INPUT RECORDS:
============================================================

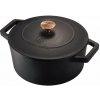 BERLINGERHAUS BERLINGERHAUS Pekáč liatinový s pokrievkou 24 cm Black Rose Collection BH-6492 (BH-6492)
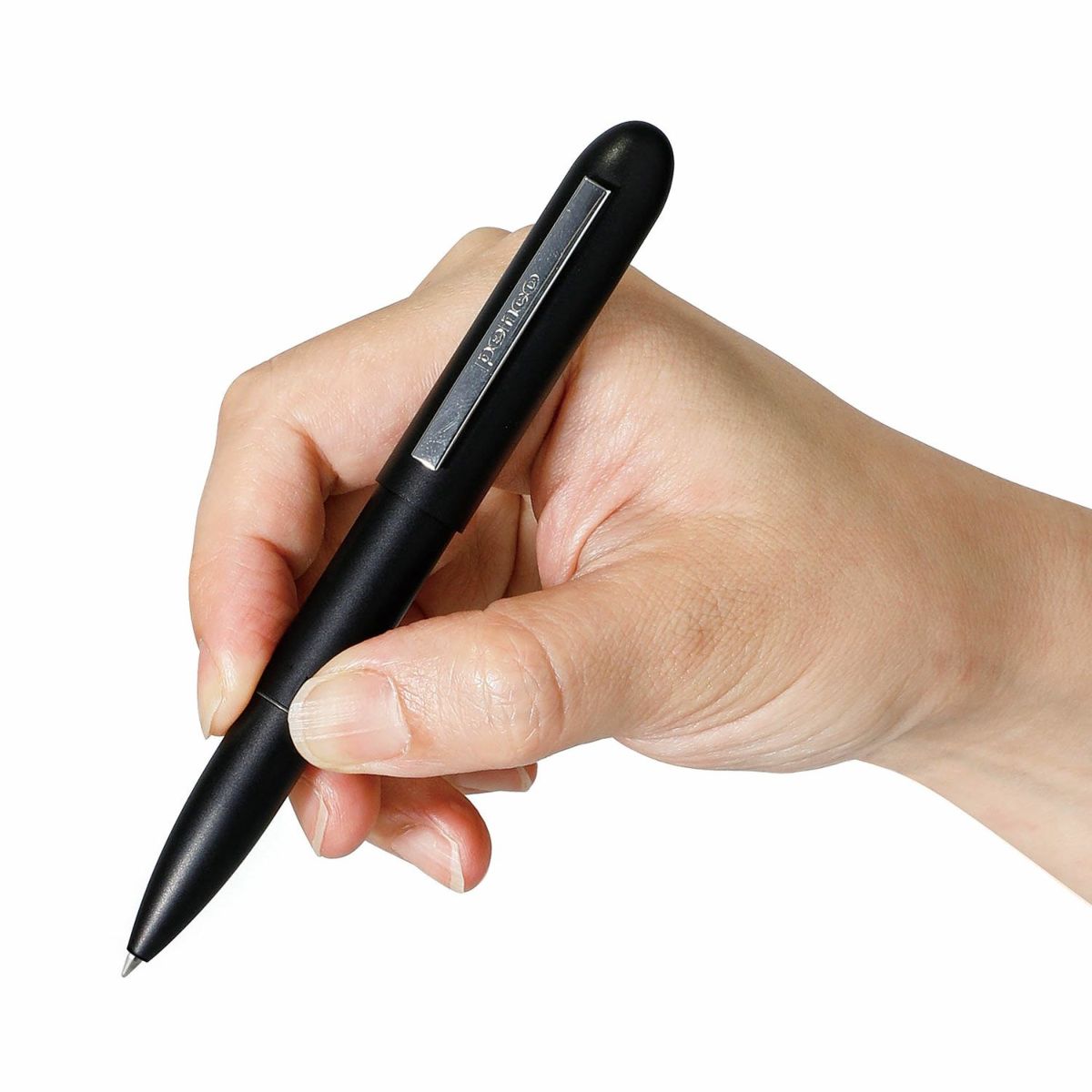 Metalinis tušinukas. Bullet Ball Pen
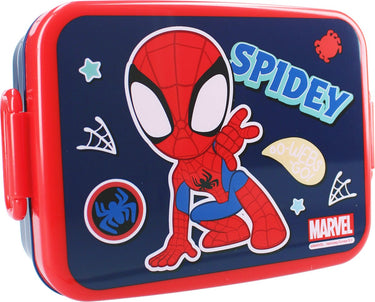 Vadobag spidey - blauw - lunchbox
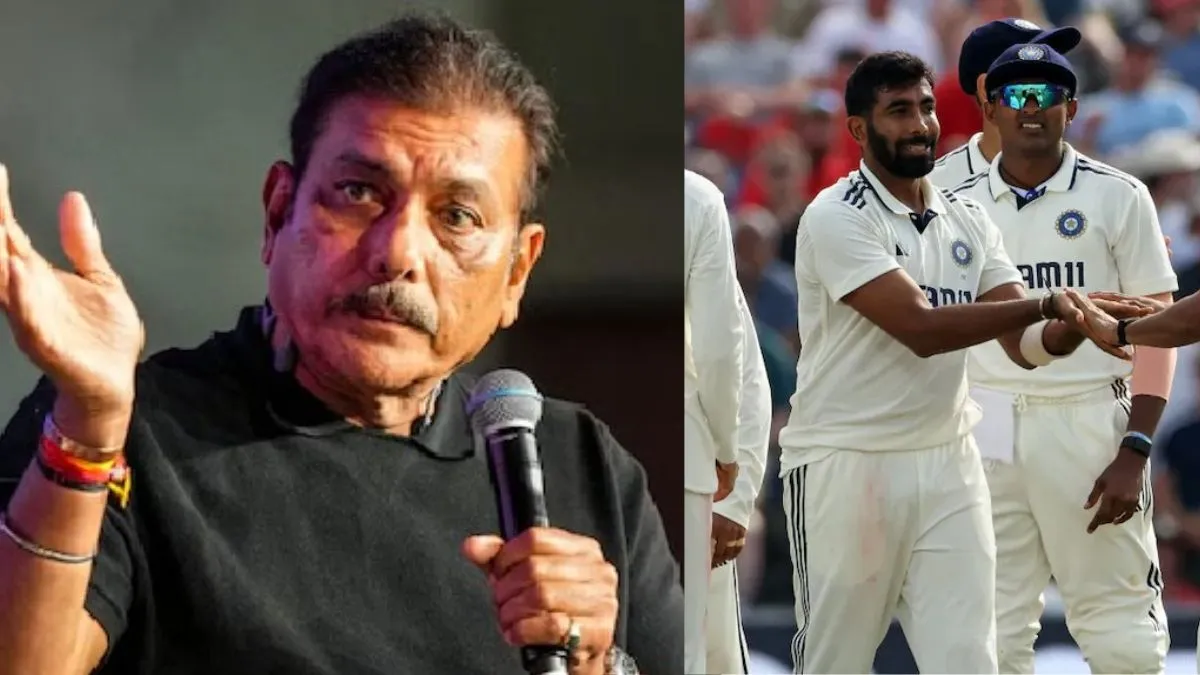 Ravi Shastri on Team India Loss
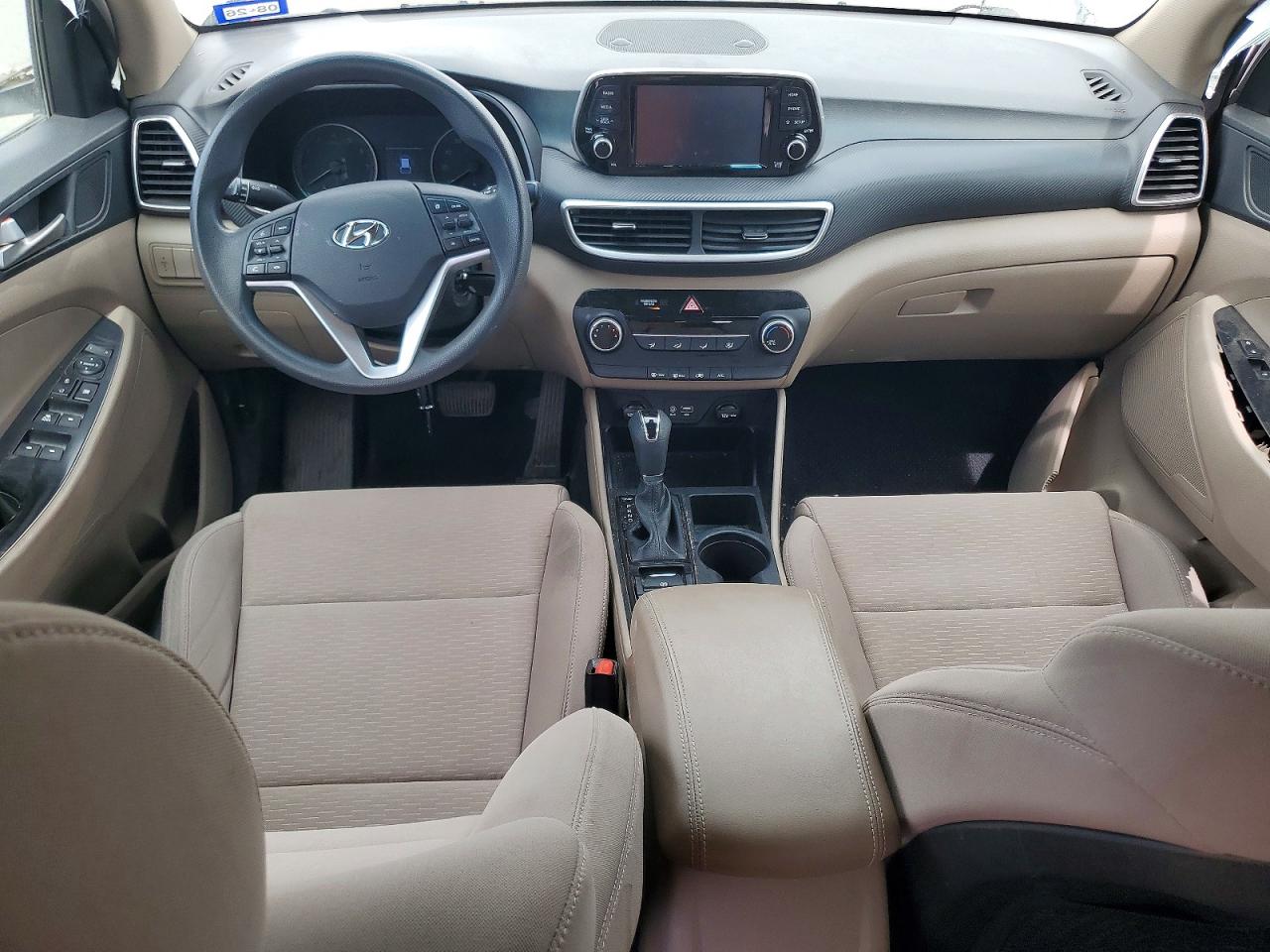 2019 HYUNDAI TUCSON SE photo 15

============================================================

WORK INSTRUCTIONS: Only the lines from the one that holds "Metalinis tušinukas. Bullet Ball Pen" through the end of the records above should be printed again, exactly as they are. Leave out the pictures.

TASK SOLUTION:
 Metalinis tušinukas. Bullet Ball Pen
 Vadobag spidey - blauw - lunchbox
 Ravi Shastri on Team India Loss
 2019 HYUNDAI TUCSON SE photo 15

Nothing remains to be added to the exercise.